The lynching at Włodowo (Samosąd we Włodowie, Lincz we Włodowie) took place in a village of Włodowo in North-Eastern Poland on 1 July 2005. Local men killed a criminal Józef "Ciechanek" Ciechanowicz who was terrorizing the community.

== Background ==
Ciechanowicz was a 60 year old recidivist who spent over 30 years in prison, for batteries, thefts and rapes. While out of prison he extorted pensions and bullied residents of Włodowo and Brzydowo villages and robbed local shops. According to his neighbors, he often wandered around while drunk, with an axe or a cleaver in his hand, mumbling that he would kill someone eventually, because he wanted to go back home (prison). The police did not always respond to calls, and when they did, their intervention had no effect.

== Death ==
On the day of his death, Ciechanowicz entered the yard of Winek's family house where he saw Jadwiga Rybak, daughter of his former mistress. The woman took her mother in hiding, after he had wounded her with a screwdriver. Ciechanowicz was upset because he could no longer seize her pension. Earlier he had broken a bottle on Jadwiga's head.

Tomasz Winek, owner of the house, ordered him to leave but instead of retreating, Ciechanowicz brandished a beetroot cleaver. Winek took a wooden bat from the pile and fought Ciechanowicz who gashed him with the cleaver. Winek's neighbour came to help and forced Ciechanowicz to flee.

Winek's wife called the police, but heard that no police cars were available. Later on they drove to nearby Dobre Miasto. Police officers were still refusing to send officers to Włodowo, claiming that none were available. After they returned, a group of locals (including two Winek brothers) gathered. Ciechanowicz returned, waiving his cleaver and threatening to kill "you all and your brats" (Winek's young son was playing in the yard), the group started to chase him. They caught him in the hollow near the forest and beat him with bats, shovels and car springs. He was alive when they left him, although he died from these wounds.

== Trials ==
After the incident Tomasz Winek and his brothers Mirosław and Krzysztof were arrested but were released by the prosecutor's decision on 7 November 2005. People of nearby villages raised money to pay legal expenses. On 23 October 2007 they were sentenced to 2 years in prison and placed on probation for 3 years. However, on 15 January 2009, an appeals court extended the sentence to 4 years of prison, without parole. On 18 December 2009, they were pardoned by the president of Poland Lech Kaczyński and their sentence was changed to 10 years of probation.

Three other persons received minor suspended sentences.

Two police officers from Dobre Miasto police station who did not react to calls for help received suspended sentences, for failure to execute their duty. One of them was dismissed from service and the other one was downgraded.

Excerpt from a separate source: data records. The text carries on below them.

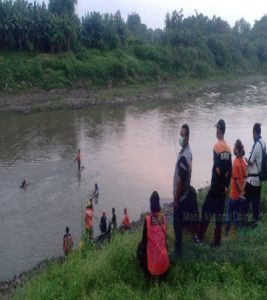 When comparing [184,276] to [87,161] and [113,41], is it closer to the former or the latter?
[87,161]

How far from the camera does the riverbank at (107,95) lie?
35.4 meters

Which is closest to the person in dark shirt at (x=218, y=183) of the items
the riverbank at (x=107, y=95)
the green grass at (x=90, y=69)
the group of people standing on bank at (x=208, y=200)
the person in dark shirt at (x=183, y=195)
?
the group of people standing on bank at (x=208, y=200)

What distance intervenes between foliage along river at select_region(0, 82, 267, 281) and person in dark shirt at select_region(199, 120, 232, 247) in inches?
222

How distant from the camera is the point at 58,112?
34.3 meters

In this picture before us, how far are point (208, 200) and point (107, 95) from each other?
34494 mm

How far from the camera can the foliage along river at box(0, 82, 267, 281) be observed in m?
13.4

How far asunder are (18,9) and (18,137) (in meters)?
21.4

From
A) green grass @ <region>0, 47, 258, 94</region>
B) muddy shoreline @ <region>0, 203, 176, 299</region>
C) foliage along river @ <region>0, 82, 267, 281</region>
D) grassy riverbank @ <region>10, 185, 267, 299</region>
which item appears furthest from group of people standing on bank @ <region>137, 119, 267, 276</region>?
green grass @ <region>0, 47, 258, 94</region>

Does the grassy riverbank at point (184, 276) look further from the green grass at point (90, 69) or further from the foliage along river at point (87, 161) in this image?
the green grass at point (90, 69)

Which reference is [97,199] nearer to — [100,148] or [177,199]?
[100,148]

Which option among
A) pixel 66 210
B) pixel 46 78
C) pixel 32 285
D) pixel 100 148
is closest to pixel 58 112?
pixel 46 78

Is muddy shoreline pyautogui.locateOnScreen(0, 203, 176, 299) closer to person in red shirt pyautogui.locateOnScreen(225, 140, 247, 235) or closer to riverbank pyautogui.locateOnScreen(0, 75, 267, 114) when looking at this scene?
person in red shirt pyautogui.locateOnScreen(225, 140, 247, 235)

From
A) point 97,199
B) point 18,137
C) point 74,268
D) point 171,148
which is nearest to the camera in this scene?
point 74,268

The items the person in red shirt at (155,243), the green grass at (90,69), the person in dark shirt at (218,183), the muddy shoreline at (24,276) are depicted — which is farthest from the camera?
the green grass at (90,69) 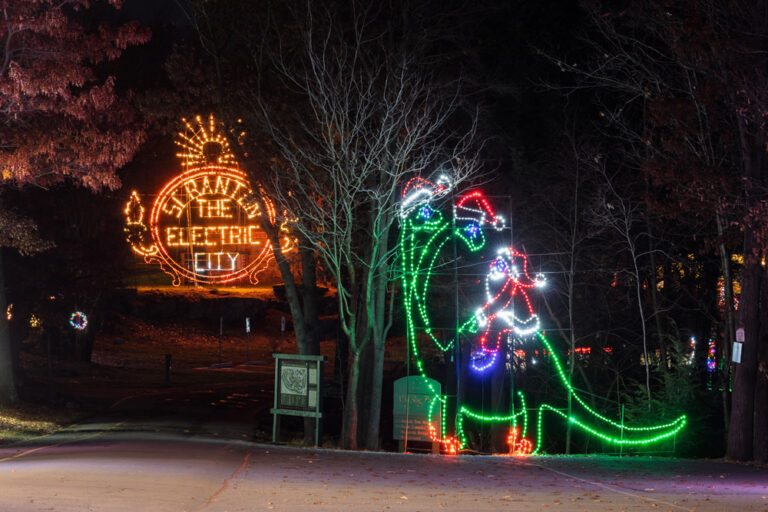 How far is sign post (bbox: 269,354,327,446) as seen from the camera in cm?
1817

The court did not accept their defense that they had no means to react.

In January 2012 the Winek brothers were apprehended again for 48 hours in relation to the disappearance of a man living in their village. They were released without an accusation and a court directed financial compensation for them.

== Popular culture ==
The event was pictured in the television series Pitbull and Kryminalni. It was also an inspiration for the Polish thriller movie Lincz.